### DATA EXCERPT
^^^^

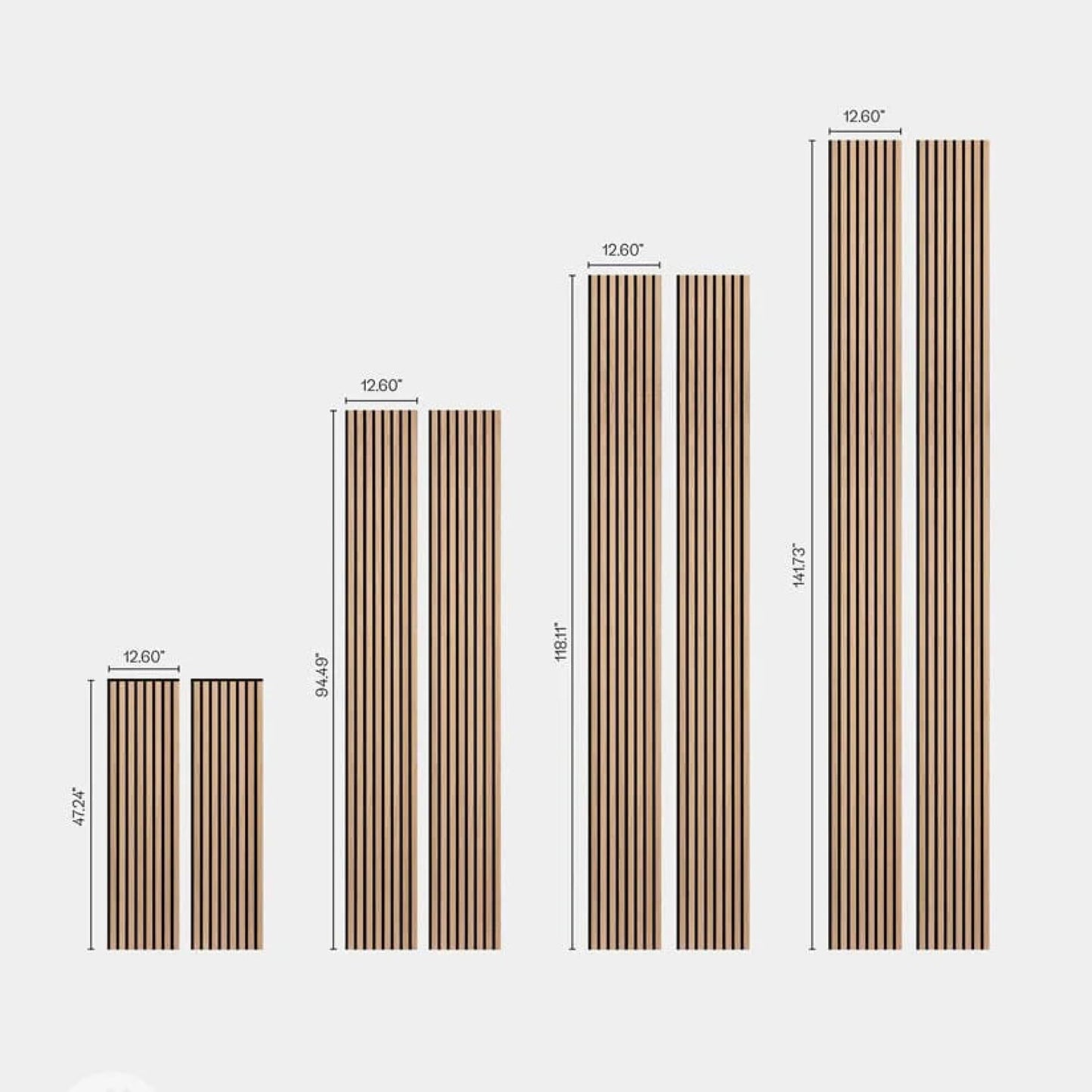 WVH Luxury American Oak Acoustic Slat Wood Wall Panels, Measures 118.11" x 25.20", Premium Finish, Interior Decor for Walls & Ceilings, Noise Cancelling & Sound Absorbing for Home & Office, 2pcs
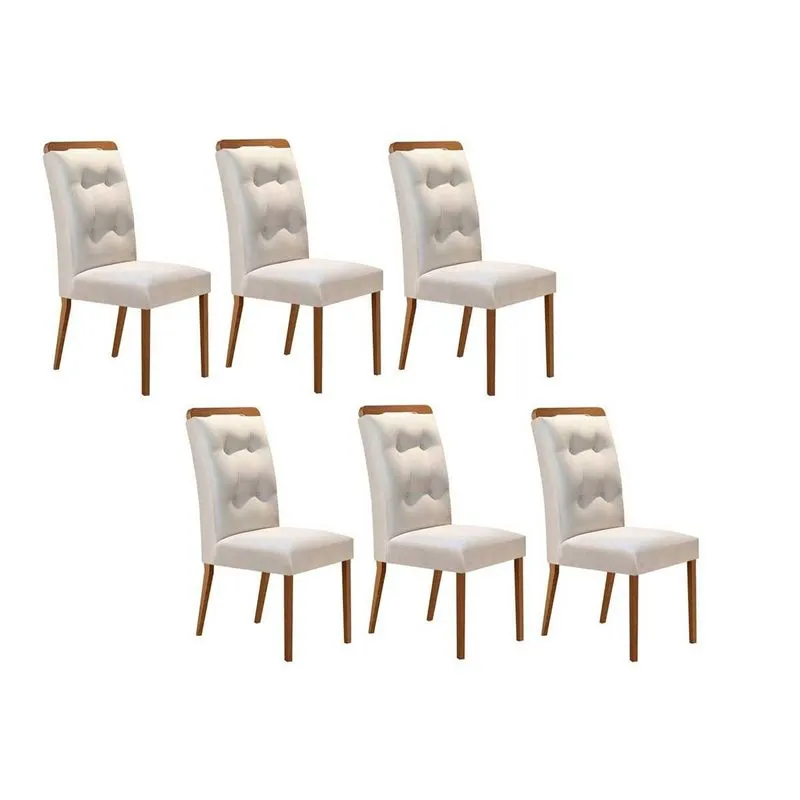 Cadeira de Cozinha Imperatriz Kit 6 Un Capuccino/Suede Creme - Rufato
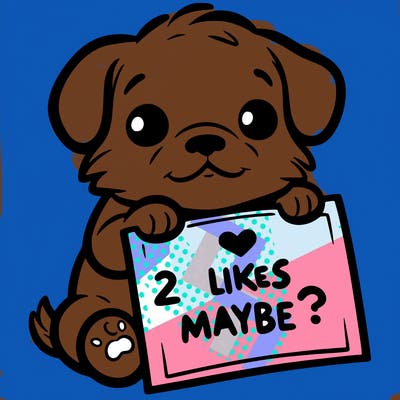 a puppy holding a sign that says 2 likes maybe?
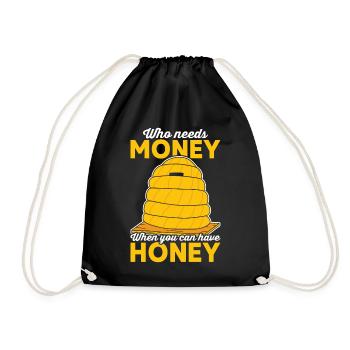Beekeeper Honeybee Apiarist Beekeeping Bee Keeper - Drawstring Bag - black - Front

^^^^

### PROBLEM
What is needed is the full material, retyped unchanged, with no pictures in it.

### SOLVED PROBLEM
 WVH Luxury American Oak Acoustic Slat Wood Wall Panels, Measures 118.11" x 25.20", Premium Finish, Interior Decor for Walls & Ceilings, Noise Cancelling & Sound Absorbing for Home & Office, 2pcs
 Cadeira de Cozinha Imperatriz Kit 6 Un Capuccino/Suede Creme - Rufato
 a puppy holding a sign that says 2 likes maybe?
Beekeeper Honeybee Apiarist Beekeeping Bee Keeper - Drawstring Bag - black - Front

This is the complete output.